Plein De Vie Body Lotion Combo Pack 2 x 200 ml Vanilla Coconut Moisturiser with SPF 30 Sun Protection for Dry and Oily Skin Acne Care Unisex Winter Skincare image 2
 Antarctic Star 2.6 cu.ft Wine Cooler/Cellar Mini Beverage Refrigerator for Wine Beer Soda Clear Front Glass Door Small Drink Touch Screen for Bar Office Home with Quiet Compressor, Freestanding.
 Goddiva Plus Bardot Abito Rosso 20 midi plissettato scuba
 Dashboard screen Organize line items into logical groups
______________________________
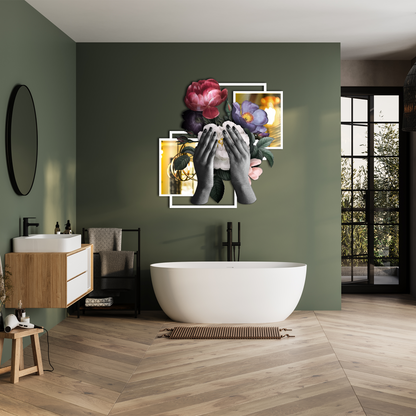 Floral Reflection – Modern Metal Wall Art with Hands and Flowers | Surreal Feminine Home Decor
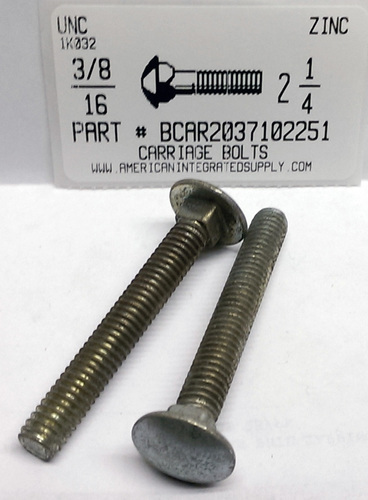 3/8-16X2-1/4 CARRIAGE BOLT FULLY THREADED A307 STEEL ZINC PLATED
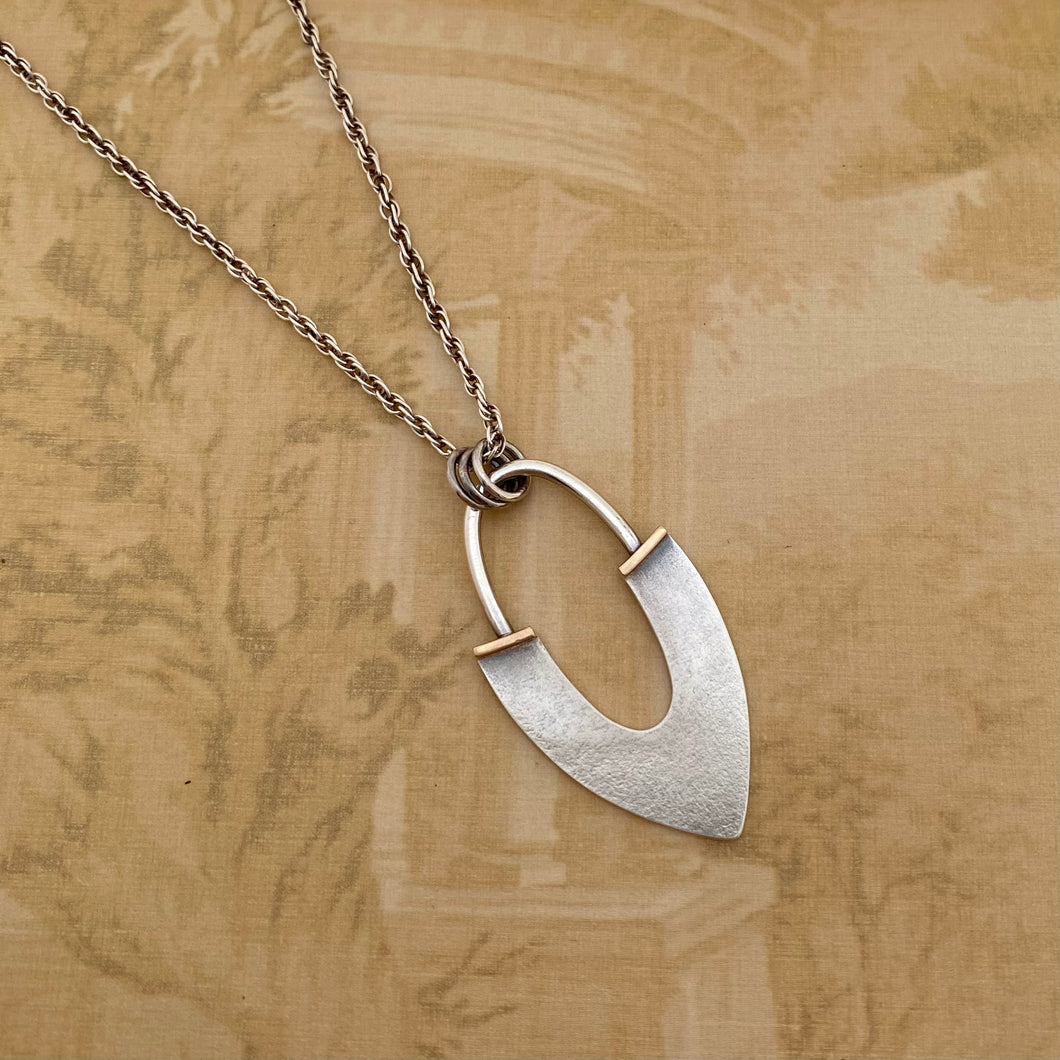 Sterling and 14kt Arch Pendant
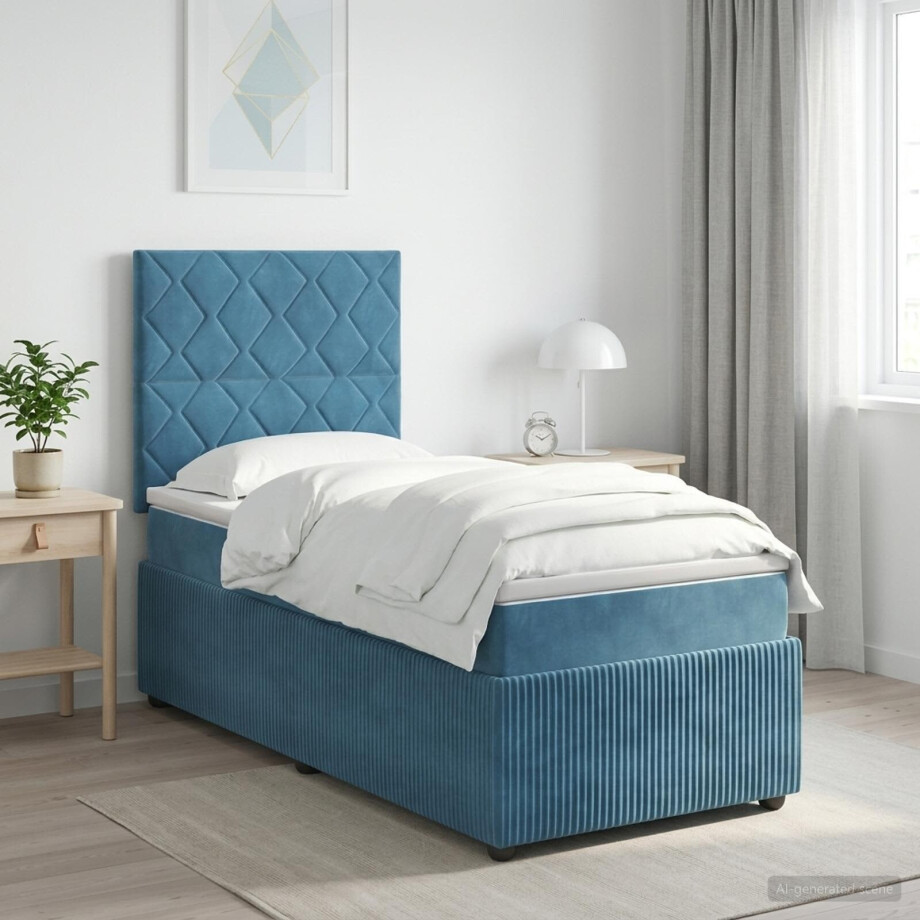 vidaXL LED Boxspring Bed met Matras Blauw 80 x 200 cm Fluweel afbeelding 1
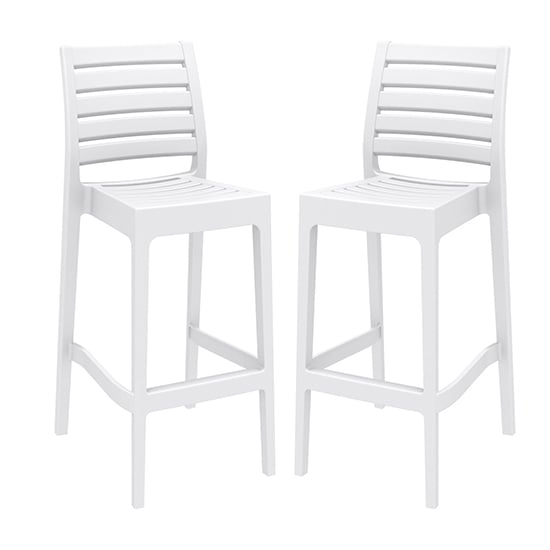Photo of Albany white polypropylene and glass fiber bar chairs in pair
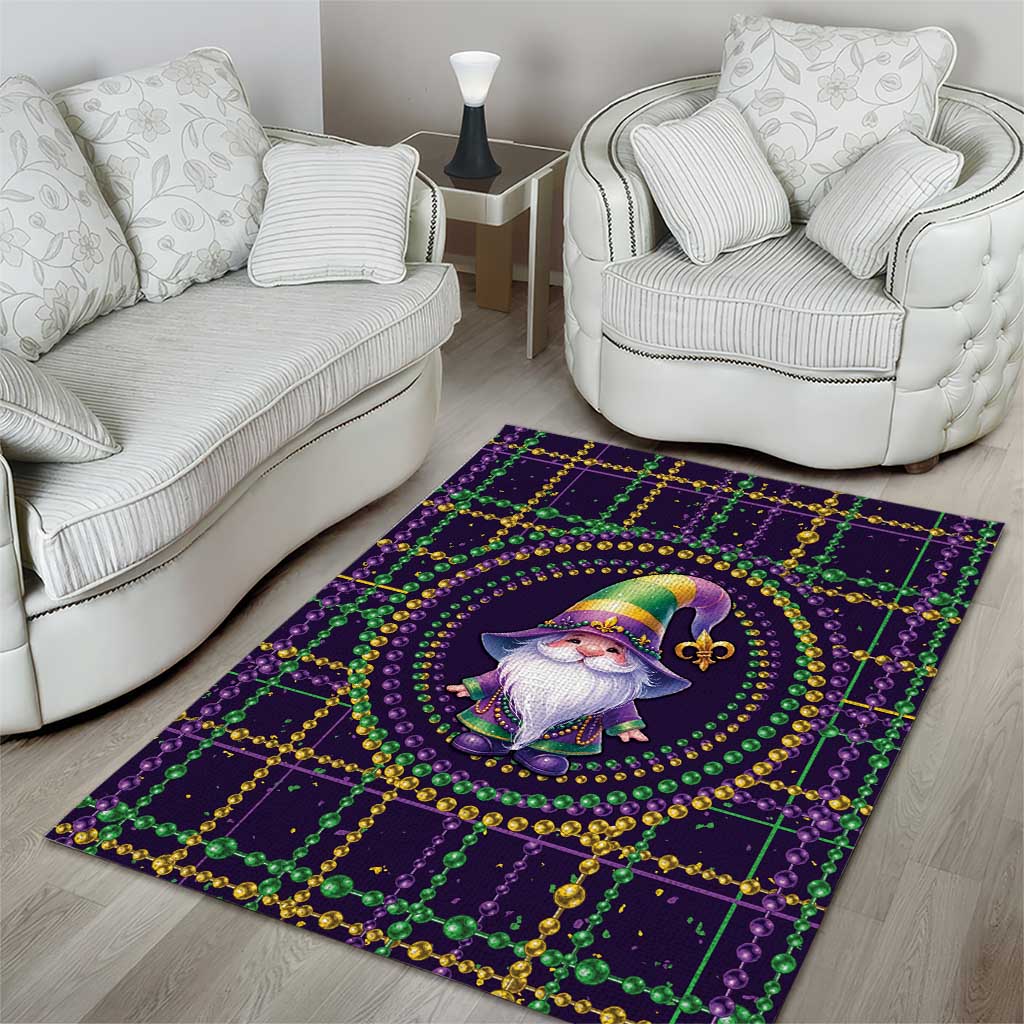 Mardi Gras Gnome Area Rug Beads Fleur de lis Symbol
______________________________
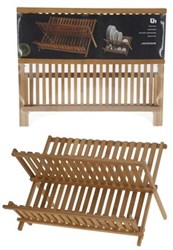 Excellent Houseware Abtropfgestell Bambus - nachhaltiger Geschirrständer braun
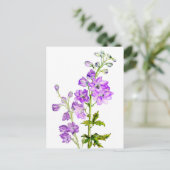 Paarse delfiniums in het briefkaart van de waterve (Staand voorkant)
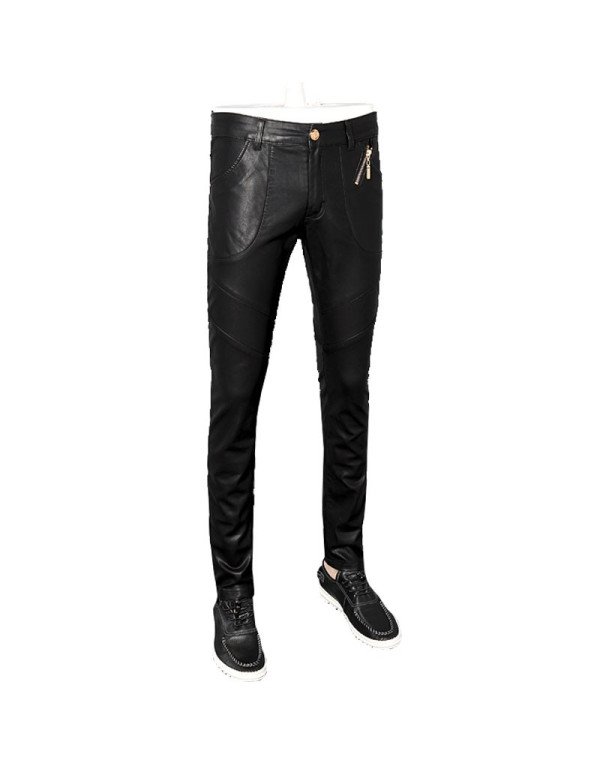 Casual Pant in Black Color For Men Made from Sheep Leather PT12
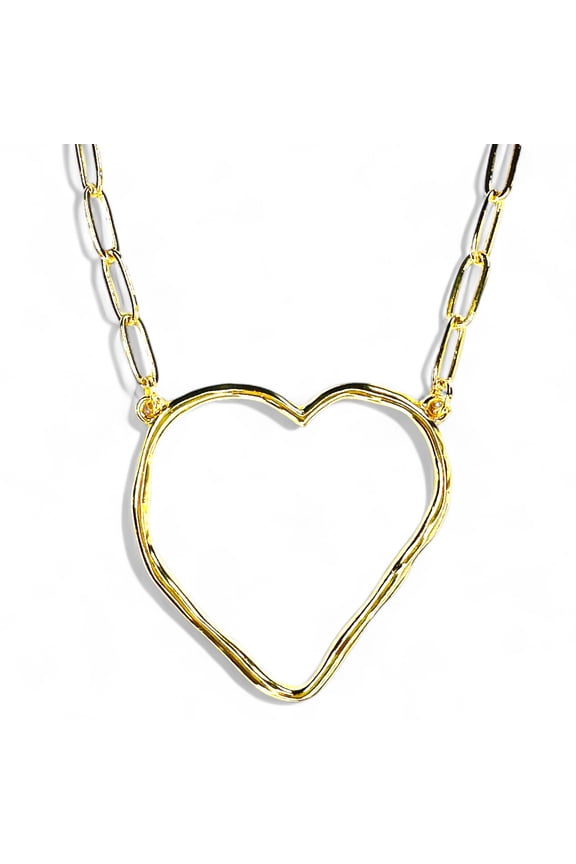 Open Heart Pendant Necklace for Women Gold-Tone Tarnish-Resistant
______________________________
### Your assignment
From the records above, copy only the lines starting with the line that holds "Plein De Vie" and going on through the line that holds "Goddiva Plus Bardot", exactly as written.

### Worked solution
Plein De Vie Body Lotion Combo Pack 2 x 200 ml Vanilla Coconut Moisturiser with SPF 30 Sun Protection for Dry and Oily Skin Acne Care Unisex Winter Skincare image 2
 Antarctic Star 2.6 cu.ft Wine Cooler/Cellar Mini Beverage Refrigerator for Wine Beer Soda Clear Front Glass Door Small Drink Touch Screen for Bar Office Home with Quiet Compressor, Freestanding.
 Goddiva Plus Bardot Abito Rosso 20 midi plissettato scuba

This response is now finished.